Database Theory and Applications M
SELECTED SOLUTIONS FROM PAST EXAM PAPERS
Part A: Relational Modelling & Normalisation
Exam Paper 2019: Question 2 (b) Consider the relation R(A, B, C, D, E) with the following FDs:
• FD1: A → E
• FD2: B → D
• FD3: {A, B} → C
1. Which are the possible candidate keys in the relation R? Explain your answer.
The minimum subset of attributes that functionally determine all attributes is {A,B}, since A and B partially
determine E and D, respectively, and both determine C. Hence, {A,B} → {E,D,C}.
2. Which is the maximum Normal Form (NF) of the relation R? Explain your answer.
The relation is in 1NF due to atomic attributes. Now, to check about the 2NF, there should not be any partial
dependency of non-prime attributes on the primary key (and any candidate key). D and E are partially
dependent on {A,B}, thus, the relation is in 1NF only.
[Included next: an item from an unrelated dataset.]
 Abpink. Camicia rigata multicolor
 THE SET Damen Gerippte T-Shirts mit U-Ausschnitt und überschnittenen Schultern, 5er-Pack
3. Decompose the relation R into a set of relations in Boyce-Codd NF (BCNF) and show the process of this
decomposition in your answer.
To avoid the partial dependencies, we split relation R into relations corresponding to the direct FDs. That is,
we construct the relations where the primary key directly determines the non-prime attributes, which are:
R1(A,E), R2(B,D), and R3(A,B,C) and the primary keys are provided underlined. Now, in each of the relations
R1, R2, and R3, the primary key directly determines the non-prime attributes. In this case, R1, R2, and R3 are
in 2NF. There are no transitive dependencies in each relation, thus, the schema is also in 3NF. Since in all FDs
now, the left-hand side corresponds to primary key, the schema is also in BCNF.
Exam Paper 2020: Question 2
Consider the relation R(A, B, C, D, E) with the following FDs:
FD1: A → C; FD2: C → D; FD3: D → E; FD4: B → D
a) Which are the possible candidate keys in the relation R? Explain your answer.
b) Which is the maximum Normal Form (NF) of the relation R? Explain your answer.
c) Decompose the relation R into a set of relations in Boyce-Codd NF (BCNF). Describe your
methodology at each stage of decomposition.
(a) By transitivity, A → {C, D, E} and since B → D then {A, B} can determine all the attributes in the
relation.
(b) Since there is a partial FD in the PK {A, B}, where B → D, then it is not in the 2NF. Hence, it is in
the 1NF.
(c) For 2NF, A → C, A → D, and A → E are partial FDs, we obtain that R1(A, C, D, E) and R2(A, B).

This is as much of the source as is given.